2. CALL Pseudo-instruction Expansion ❌ CRITICAL
Documentation states (DSA_Assembly_Reference.md):
; call print::print expands to:
lwi print::print, ret ; Load function address into ret
jmp 0, ret ; Jump to function (saves return in pcx)
Implementation shows (expand.rs:109-123):
fn expand_call(current: &Node, nodes: &mut Vec<Node>) -> Result<(), AssembleError> {
nodes.extend(vec![
node!(label, Opcode::SubI, spr, 4, spr), // Decrement stack pointer
node!(None, Opcode::Stw, pcx, spr, 0), // Store PCX (return addr) on stack
node!(None, Opcode::Jmp, addr, zero), // Jump to function
]);
Reality: CALL expansion is:
- Decrement SPR by 4
- Store PCX (return address) to stack
- Jump to function address
Impact: Return address is stored on the STACK, not in RET register!

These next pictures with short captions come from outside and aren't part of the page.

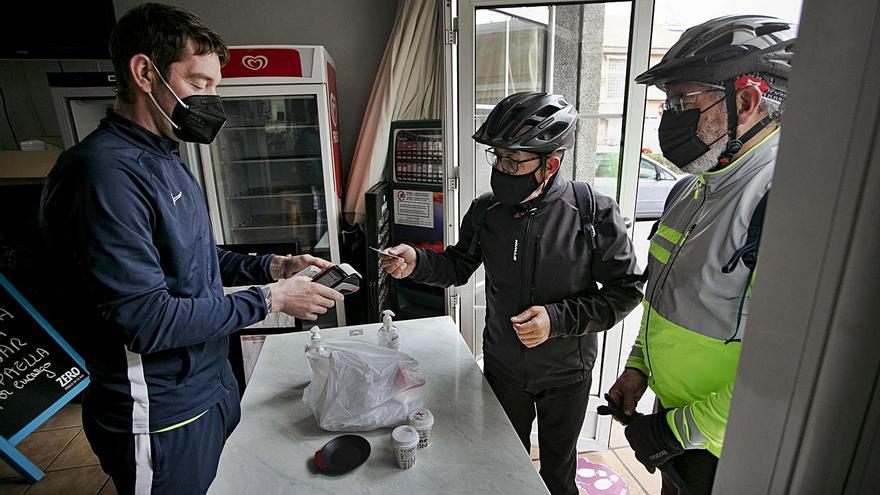 Un trabajador de un bar del Port de Sagunt, repartiendo ayer comida para llevar. | DANIEL TORTAJADA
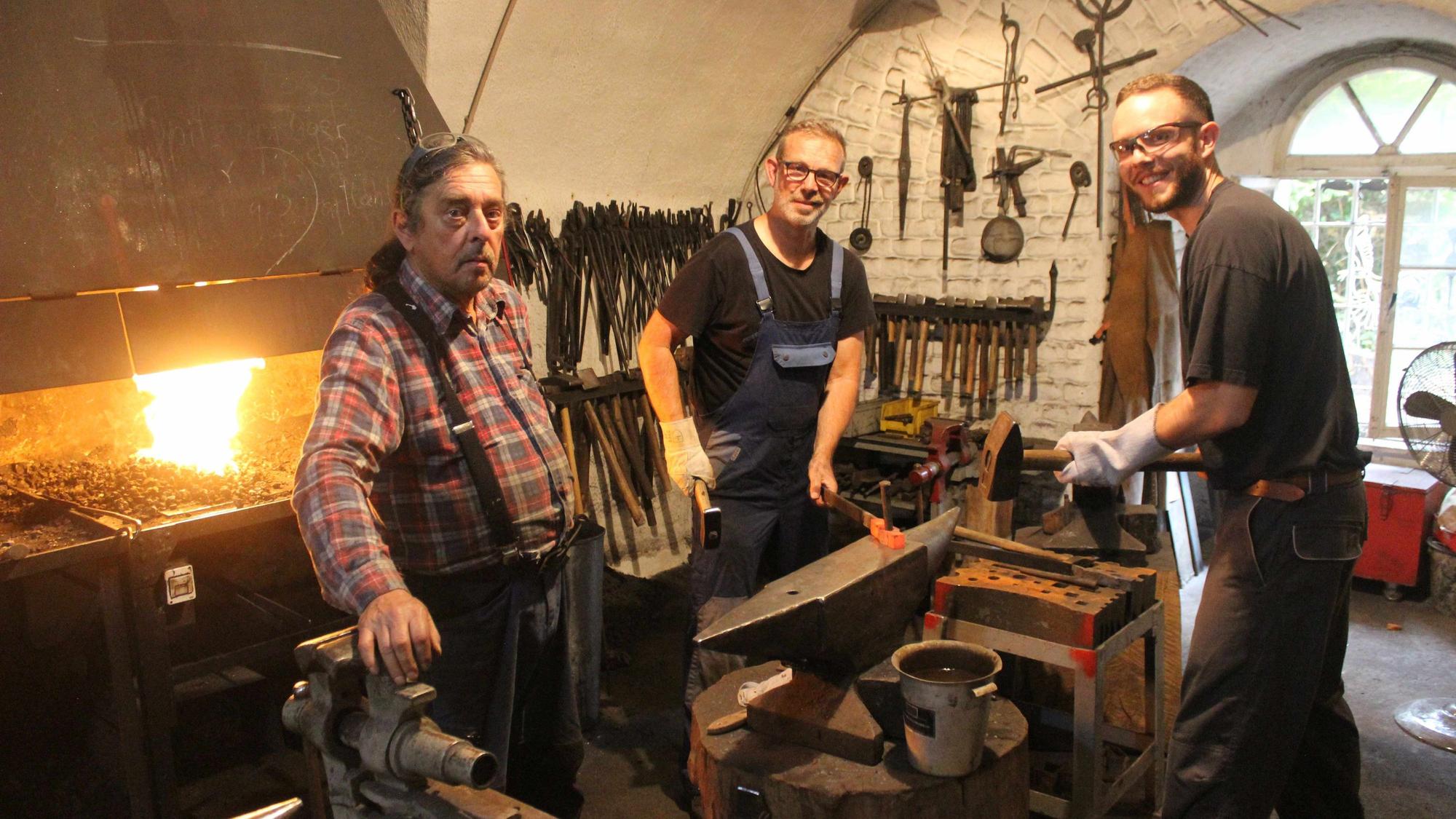 Henning (links) und Timo Schulzke (rechts) stehen in der Schmiede-Werkstatt von Andreas Müller.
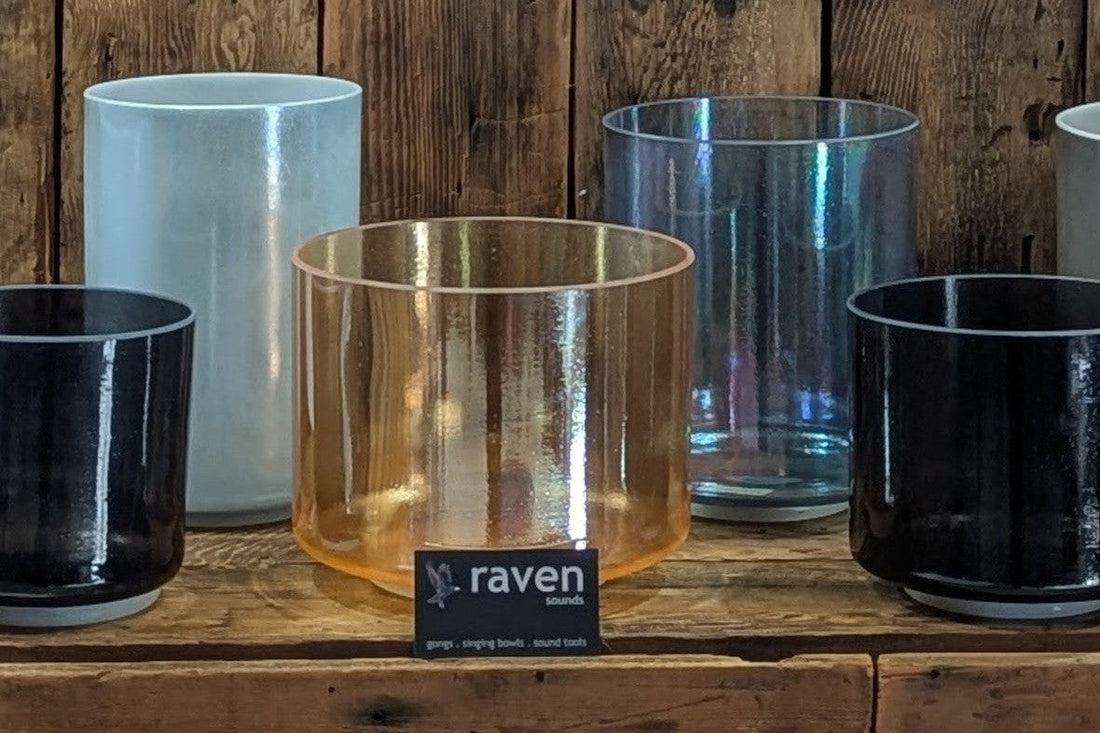 Crystal Tones singing bowls in a range of finishes on a wooden shelf
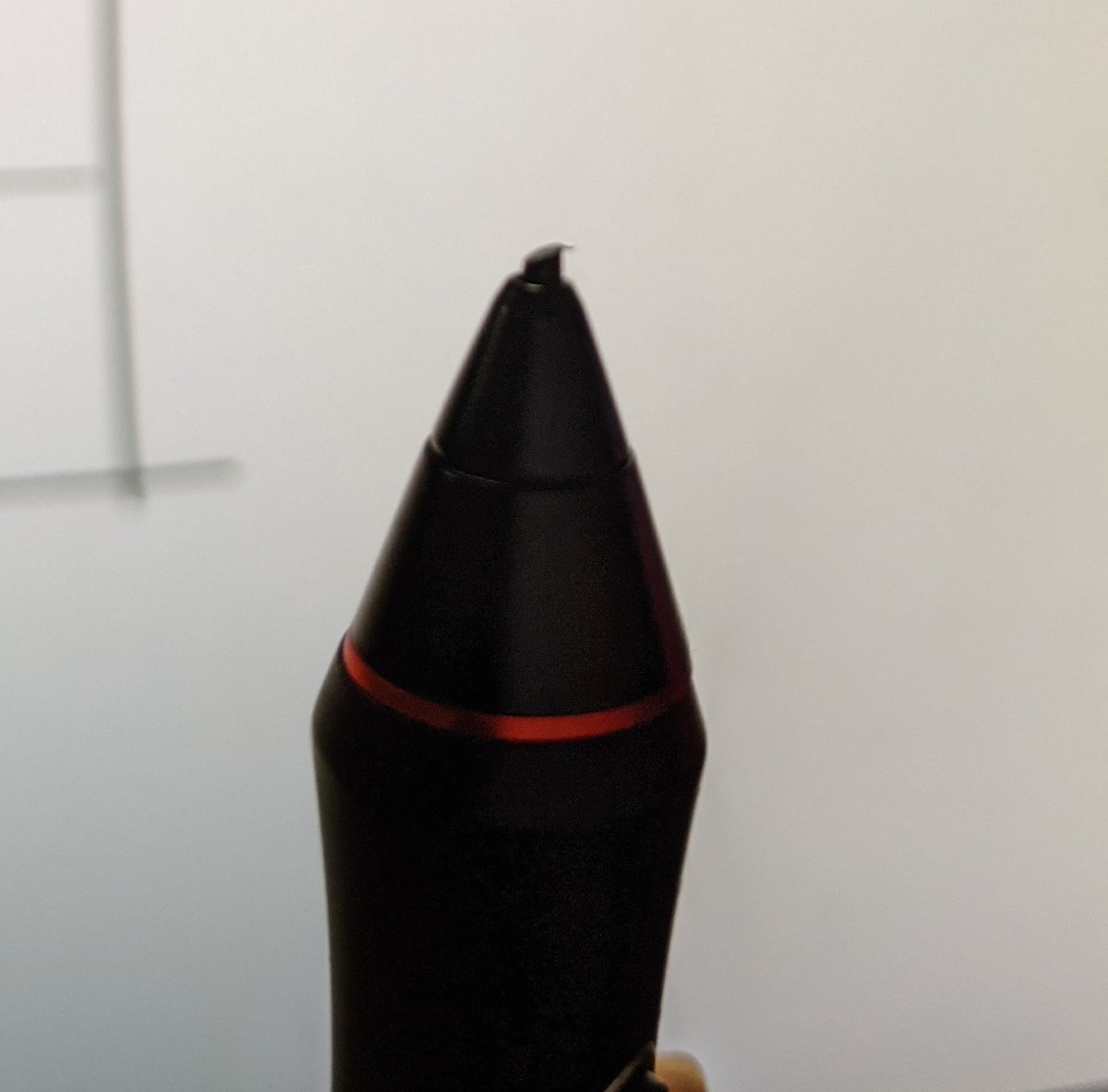 FinnieTheFish's tweet photo. I just bought Wacom intuos with pen for a month. And now this is what left of my pen nib!? https://t.co/5RiWZ3dWWQ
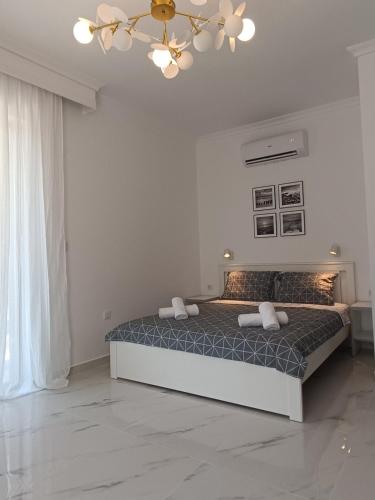 a bedroom with a bed and a chandelier at Kariani Beach Studio in Karianí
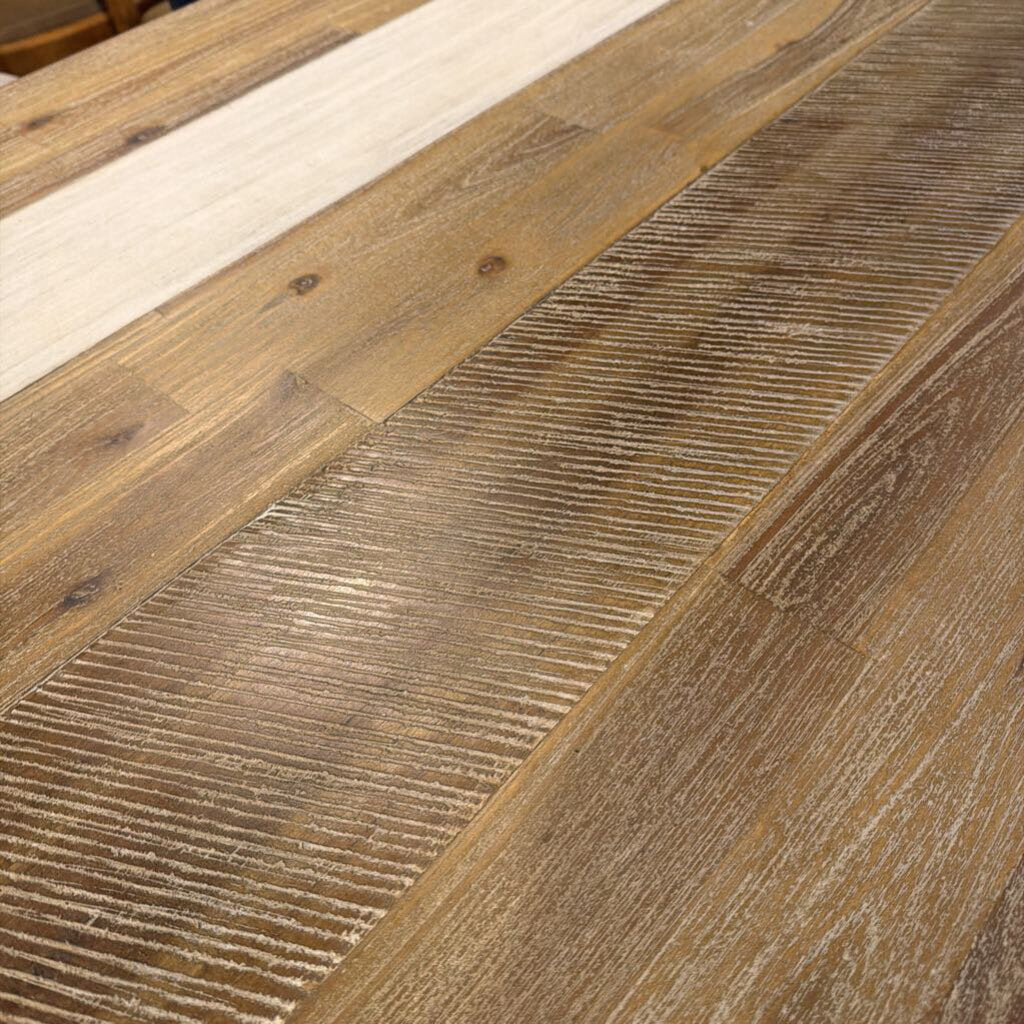 Close-up of wooden flooring with a focus on texture and grain.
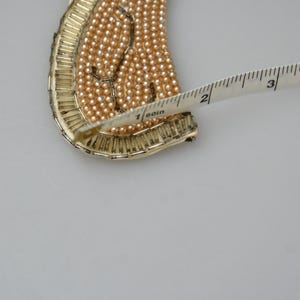May include: A gold-toned metal necklace with a design of small, light brown beads. The necklace is being measured with a tape measure, showing a length of 1 1/2 inches.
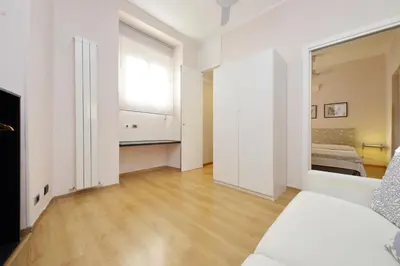 an empty living room with a couch and a window at Vaticano in Rome
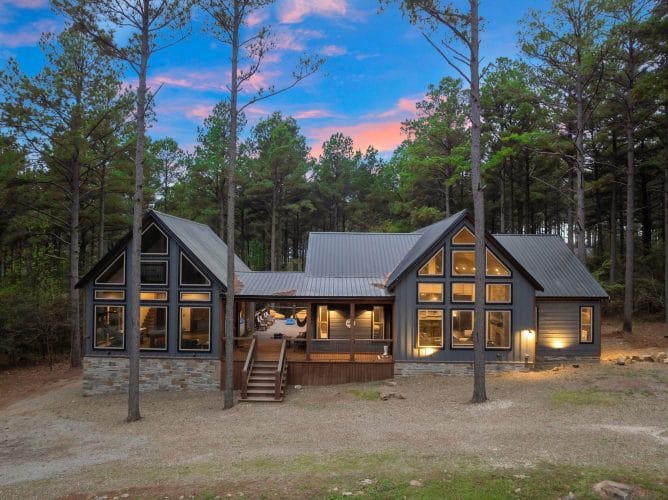Back of the cabin at dusk with lit windows and the covered porch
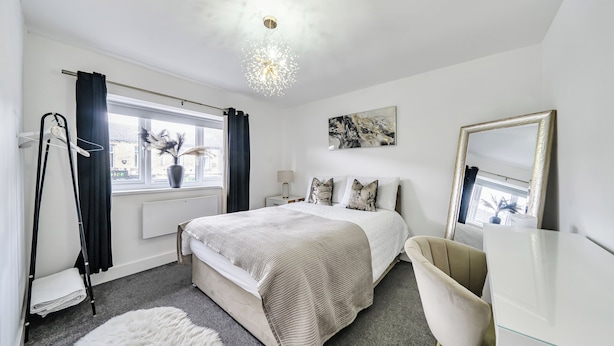 A bedroom with a bed, bedside tables, a dresser, a mirror, a window with curtains, and a hanging light fixture.
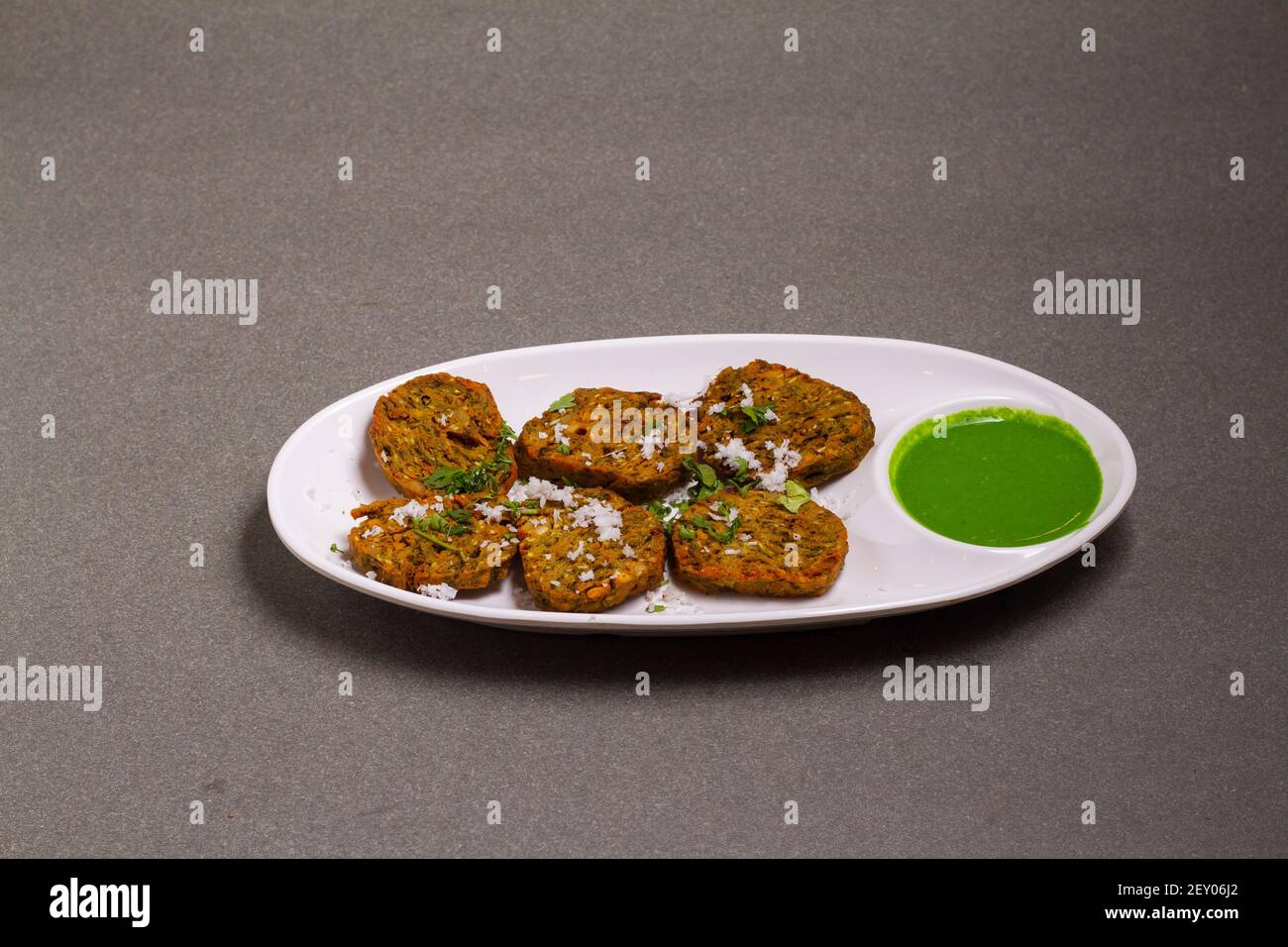 Cilantro cake or Kothimbir Vadi is a popular Maharashtrian cuisine made with cilantro leaves. served with tomato ketchup. selective focus Stock Photo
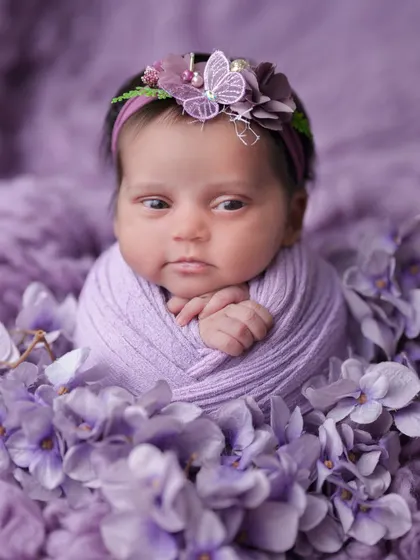 An adorable awake moment in a purple floral setting. I love capturing their curious expressions as they take in the world around them.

3. RETURN Pseudo-instruction Expansion ❌ CRITICAL
Documentation states:
; return expands to:
jmp 0, ret ; Jump to address in ret register
Implementation shows (expand.rs:125-135):
fn expand_return(current: &Node, nodes: &mut Vec<Node>) {
nodes.extend(vec![
node!(label, Opcode::Ldw, spr, ret, 0), // Load return addr from stack
node!(None, Opcode::AddI, spr, 4, spr), // Increment stack pointer
node!(None, Opcode::Jmp, 4, ret), // Jump to (ret + 4)
]);
}
Reality: RETURN expansion is:
- Load return address from stack into RET register
- Increment SPR by 4
- Jump to (RET + 4)
Why +4? The stored PCX points to the instruction AFTER the call's jump, so we need to add 4 to skip past the stored PCX instruction itself... or this might be a bug in the implementation.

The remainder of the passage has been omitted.